Saturday, October 23, 2010

Readings and Themes for October 24, 2010

Readings for Faith Sharing
Week of October 24, 2010,
Thirtieth Sunday in Ordinary Time

Reading I Sirach 35:12-14, 16-18
The God of justice knows no favorites.

Psalm 34
"The Lord hears the cry of the poor."

Reading II 2 Timothy 4:6-8, 16-18
I have competed well, I have finished the race.

Gospel Luke 18:9-14
"O God, be merciful to me a sinner."


God knows and sees our hearts.
Today’s scriptures invite us to come before God with all honesty, admitting our sinfulness and seeking forgiveness and reconciliation.
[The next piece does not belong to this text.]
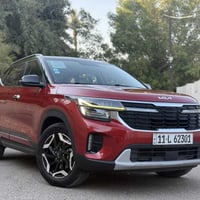 كيا سليلتوز للبيع موديل 2024 ضمان الدولية 5 سنوات بددون لا صبغ ولا بار...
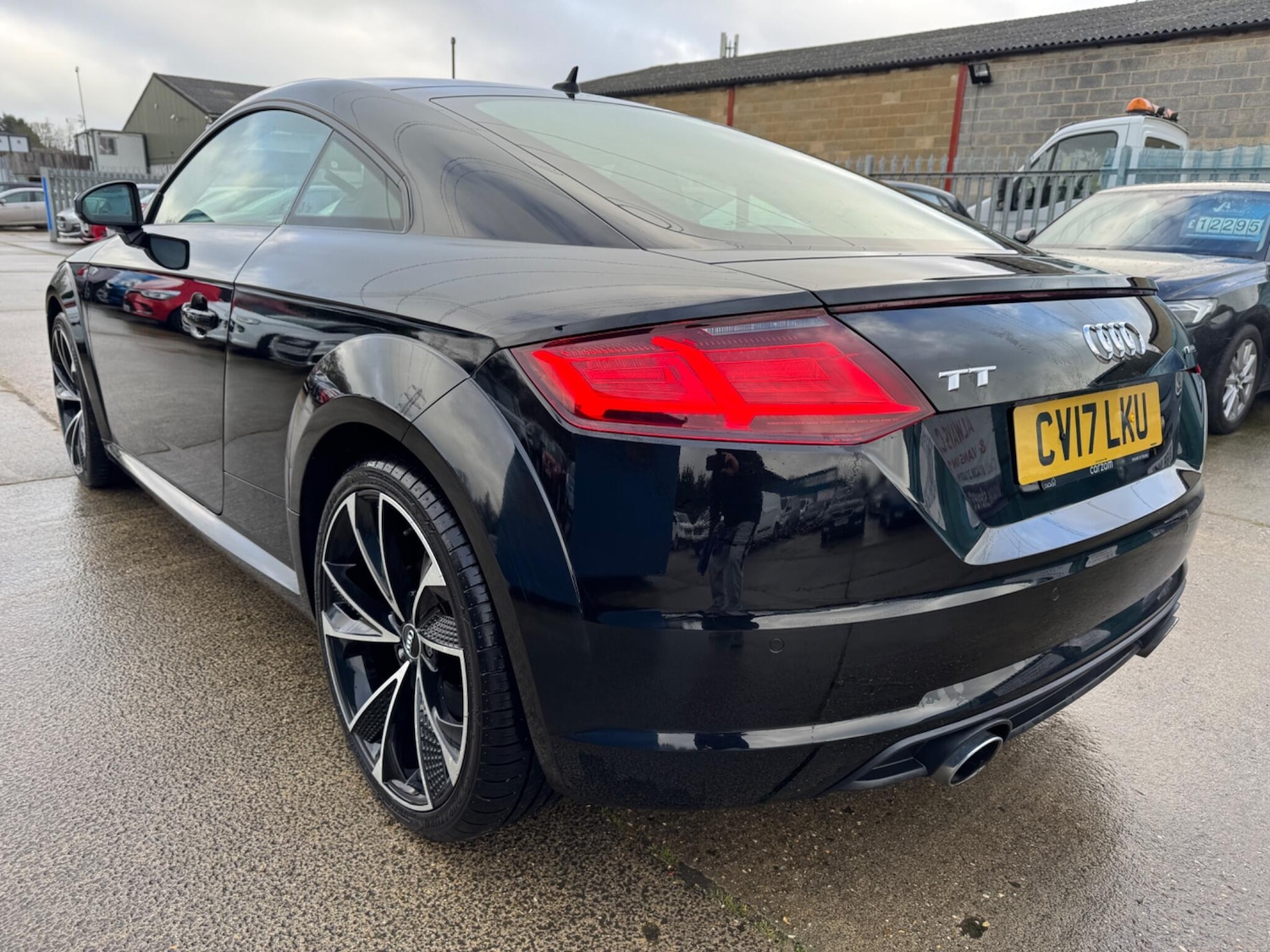 Used Audi TT 2017 for sale - 77320554: Photo 7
The responsorial psalm reminds us that our God “hears the cry of the poor.” Let us be attentive to God’s sacred word and seek the peace that only God can give.

Questions of the week
Question for Children:
Jesus teaches us to be humble – but what does that mean?
How do you show you are humble?

Question for Youth:
God knows when we are doing things just for show, and when they come from the goodness of our heart.
When have you caught yourself doing something just to be more popular or liked?
How does it feel to do something that you know is good and just?

Question for Adults:
The Gospel reading suggests that we approach God and each other with humility.
What does this mean, in practical terms?
How do we “humble” ourselves? What does that mean?

Bulletin Bites
"O God, be merciful to me, a sinner."

Jesus tells of two very different men, a Pharisee and a tax collector. Both went to the temple to pray. Actually, the Pharisee went to the temple to brag: “O God, I thank you that I am not like the rest of humanity…”The Pharisee is probably a good man but he thanks God that he has no need of God because he believes he is a self-made man. The tax collector does not even raise his eyes to heaven. He prays, “O God, be merciful to me, a sinner”. He acknowledges his dependence on God. He stands before God with all of his flaws and faults and ask God’s forgiveness for the ways in which he has failed to be all that God created him to be. Both are stewards of all that God gave them. But it is the tax collector who understands that. It is the tax collector who asks for forgiveness. Good stewards know and admit when they have failed to be a good steward and are willing to ask their loving God to forgive them. Do we?